Extract JS-Rendered Directory Data via API

JavaScript-rendered directories like Yelp, Angi, and modern SaaS marketplaces load data dynamically, making traditional scraping fail. You need headless browsers, wait for hydration, and handle anti-bot measures. A faster approach: use search to find indexed listings (Google already rendered the JS for you), then use the extract endpoint for specific pages. Scavio search costs $0.005/request and the extract endpoint pulls rendered content from any URL.

Prerequisites

Python 3.9+ installed
requests library installed
A Scavio API key from scavio.dev
Basic understanding of web data extraction

Walkthrough

Step 1: Search for indexed directory listings

Google indexes JS-rendered pages. Search for directory listings using site: queries to get pre-rendered titles and snippets without needing a browser.

Python

import os, requests, re

SCAVIO_KEY = os.environ['SCAVIO_API_KEY']
URL = 'https://api.scavio.dev/api/v1/search'
H = {'x-api-key': SCAVIO_KEY, 'Content-Type': 'application/json'}

def search_directory_listings(directory_domain: str, niche: str, num: int = 10) -> list:
    """Find directory listings via Google's index (already JS-rendered)."""
    resp = requests.post(URL, headers=H,
        json={'query': f'site:{directory_domain} {niche}',
              'country_code': 'us', 'num_results': num})
    resp.raise_for_status()
    results = resp.json().get('organic_results', [])
    return [{
        'title': r['title'],
        'url': r['link'],
        'snippet': r.get('snippet', ''),
        'rich_snippet': r.get('rich_snippet', {}),
    } for r in results]

# Search Yelp (heavily JS-rendered)
yelp_results = search_directory_listings('yelp.com', 'plumber San Francisco')
print(f'Yelp listings found: {len(yelp_results)}')
for r in yelp_results[:3]:
    print(f'  {r["title"][:60]}')
    print(f'    {r["snippet"][:100]}')

Step 2: Extract full page data with the extract endpoint

For listings where the snippet is not enough, use the Scavio extract endpoint to get the full rendered page content. This handles JavaScript rendering server-side.

Python

EXTRACT_URL = 'https://api.scavio.dev/api/v1/extract'

def extract_page(url: str) -> dict:
    """Extract rendered content from a JS-heavy page."""
    resp = requests.post(EXTRACT_URL,
        headers={'x-api-key': SCAVIO_KEY, 'Content-Type': 'application/json'},
        json={'url': url})
    resp.raise_for_status()
    return resp.json()

def extract_listing_data(listing_url: str) -> dict:
    """Extract structured data from a directory listing page."""
    page = extract_page(listing_url)
    content = page.get('content', '')
    metadata = page.get('metadata', {})
    # Extract rating from content
    rating_match = re.search(r'(\d+\.\d+)\s*(?:star|/5|rating)', content, re.I)
    # Extract phone
    phone_match = re.search(r'\(?\d{3}\)?[\s.-]?\d{3}[\s.-]?\d{4}', content)
    return {
        'title': metadata.get('title', ''),
        'description': metadata.get('description', ''),
        'rating': float(rating_match.group(1)) if rating_match else None,
        'phone': phone_match.group(0) if phone_match else None,
        'url': listing_url,
        'content_length': len(content),
    }

# Extract data from a listing
if yelp_results:
    listing = extract_listing_data(yelp_results[0]['url'])
    print(f'Extracted: {listing["title"]}')
    print(f'  Rating: {listing["rating"]}')
    print(f'  Phone: {listing["phone"]}')
    print(f'  Content: {listing["content_length"]} chars')

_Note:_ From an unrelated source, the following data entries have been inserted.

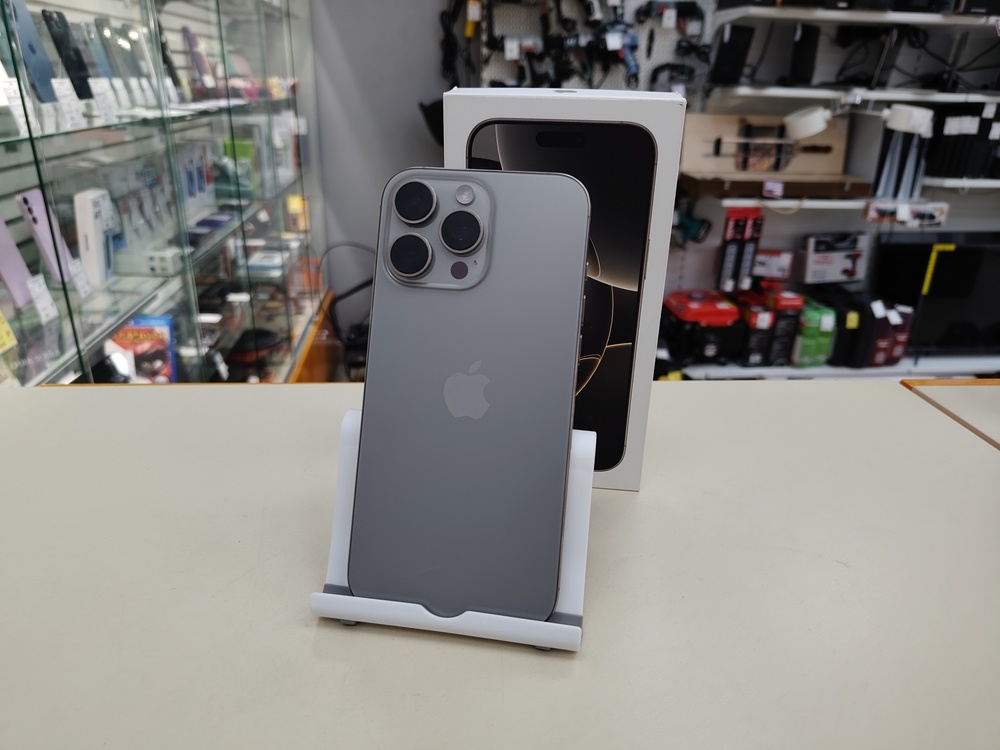 Смартфон Apple Iphone 16 Pro Max 256Gb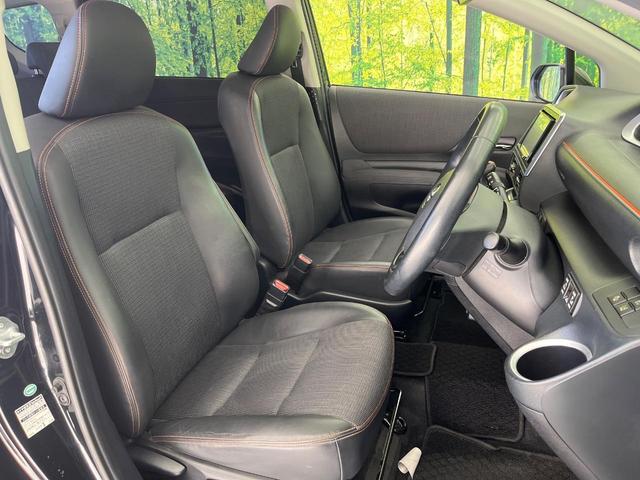 シエンタ ハイブリッドＧ　クエロ　禁煙車　ＳＤナビ　両側電動スライドドア　衝突軽減　フルセグ　Ｂｌｕｅｔｏｏｔｈ　ＥＴＣ　シートヒーター　ＬＥＤヘッドライト　オートハイビーム　オートライト　車線逸脱警報　スマートキー（9枚目）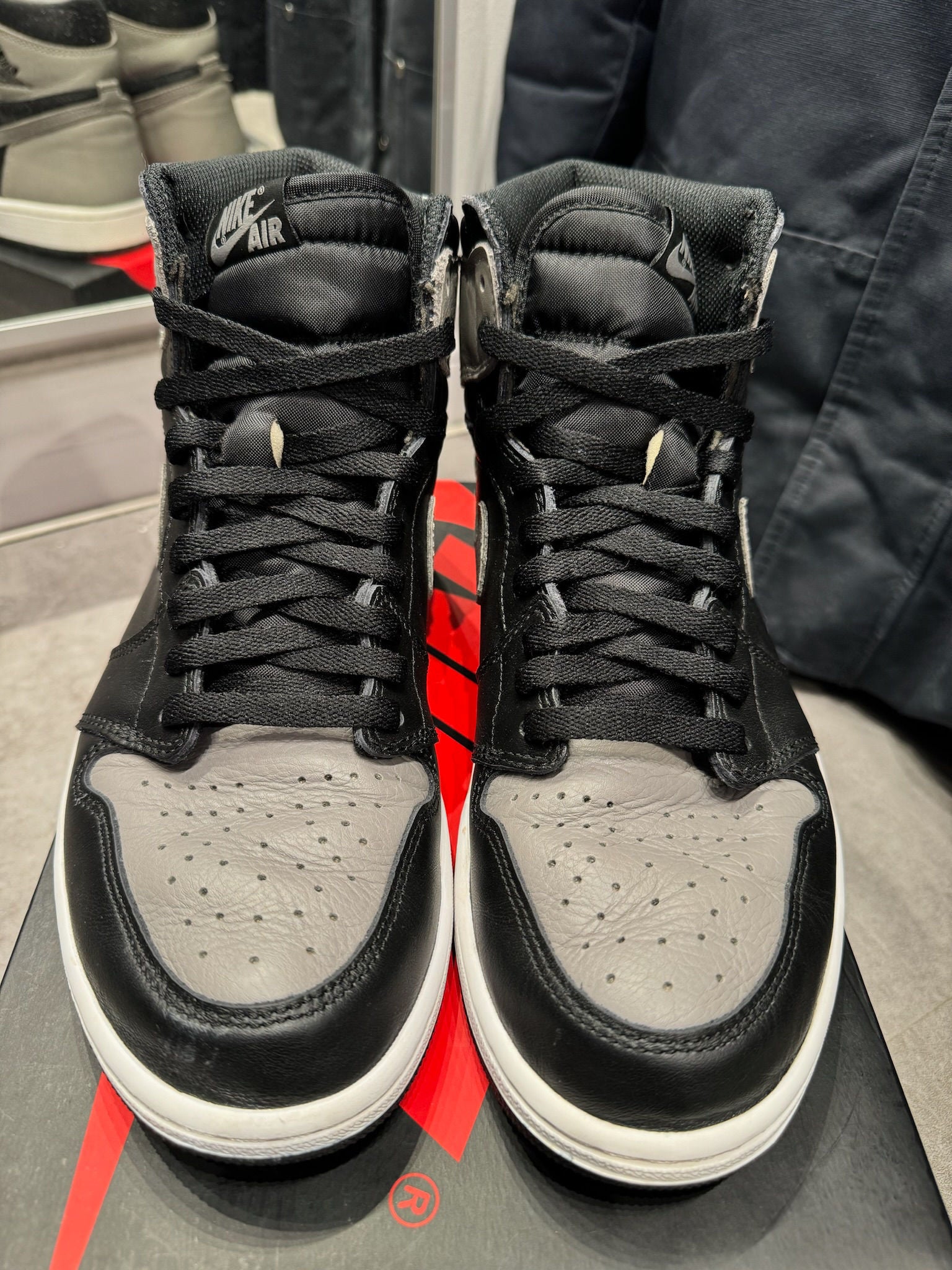 Jordan 1 Retro High OG Shadow (2018) - Pre-Owned Size 9 (Lightly Used)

Step 3: Build a pipeline for multiple directories

Search across multiple JS-rendered directories and combine the results. Use search for discovery and selective extract for enrichment.

Python

import time

def pipeline(niche: str, city: str, directories: list) -> list:
    """Search multiple JS-rendered directories."""
    all_listings = []
    for domain in directories:
        print(f'Searching {domain}...')
        listings = search_directory_listings(domain, f'{niche} {city}')
        for listing in listings:
            listing['directory'] = domain
        all_listings.extend(listings)
        time.sleep(0.3)
    # Enrich top results with extract (selective to save cost)
    enriched = []
    for listing in all_listings[:5]:  # Only extract top 5
        try:
            data = extract_listing_data(listing['url'])
            listing.update(data)
        except Exception as e:
            listing['extract_error'] = str(e)
        enriched.append(listing)
        time.sleep(0.5)
    return all_listings

results = pipeline('electrician', 'Seattle WA', ['yelp.com', 'angi.com', 'thumbtack.com'])
print(f'\nTotal listings: {len(results)}')
for r in results[:5]:
    rating = r.get('rating', 'N/A')
    print(f"  [{r['directory']}] {r['title'][:50]} (Rating: {rating})")
print(f'\nSearch cost: 3 x $0.005 = $0.015')
print(f'Extract cost: 5 x $0.005 = $0.025')
print(f'Total: $0.040')

Step 4: Handle pagination and rate limiting

For larger extraction jobs, implement pagination through search results and respect rate limits to avoid being throttled.

Python

def paginated_search(domain: str, niche: str, max_pages: int = 3) -> list:
    """Search with pagination for more results."""
    all_results = []
    for page in range(max_pages):
        # Add page-specific terms to get different results
        suffixes = ['', 'reviews', 'top rated']
        suffix = suffixes[page] if page < len(suffixes) else f'page {page+1}'
        query = f'site:{domain} {niche} {suffix}'.strip()
        resp = requests.post(URL, headers=H,
            json={'query': query, 'country_code': 'us', 'num_results': 10})
        results = resp.json().get('organic_results', [])
        for r in results:
            # Deduplicate by URL
            if r['link'] not in [x['url'] for x in all_results]:
                all_results.append({
                    'title': r['title'],
                    'url': r['link'],
                    'snippet': r.get('snippet', ''),
                })
        time.sleep(0.5)
        if len(results) < 5:
            break  # No more results
    return all_results

results = paginated_search('yelp.com', 'plumber Portland OR', max_pages=3)
print(f'Paginated search: {len(results)} unique listings')
print(f'Cost: 3 pages x $0.005 = $0.015')

Python Example

Python

import os, requests, re, time

SCAVIO_KEY = os.environ['SCAVIO_API_KEY']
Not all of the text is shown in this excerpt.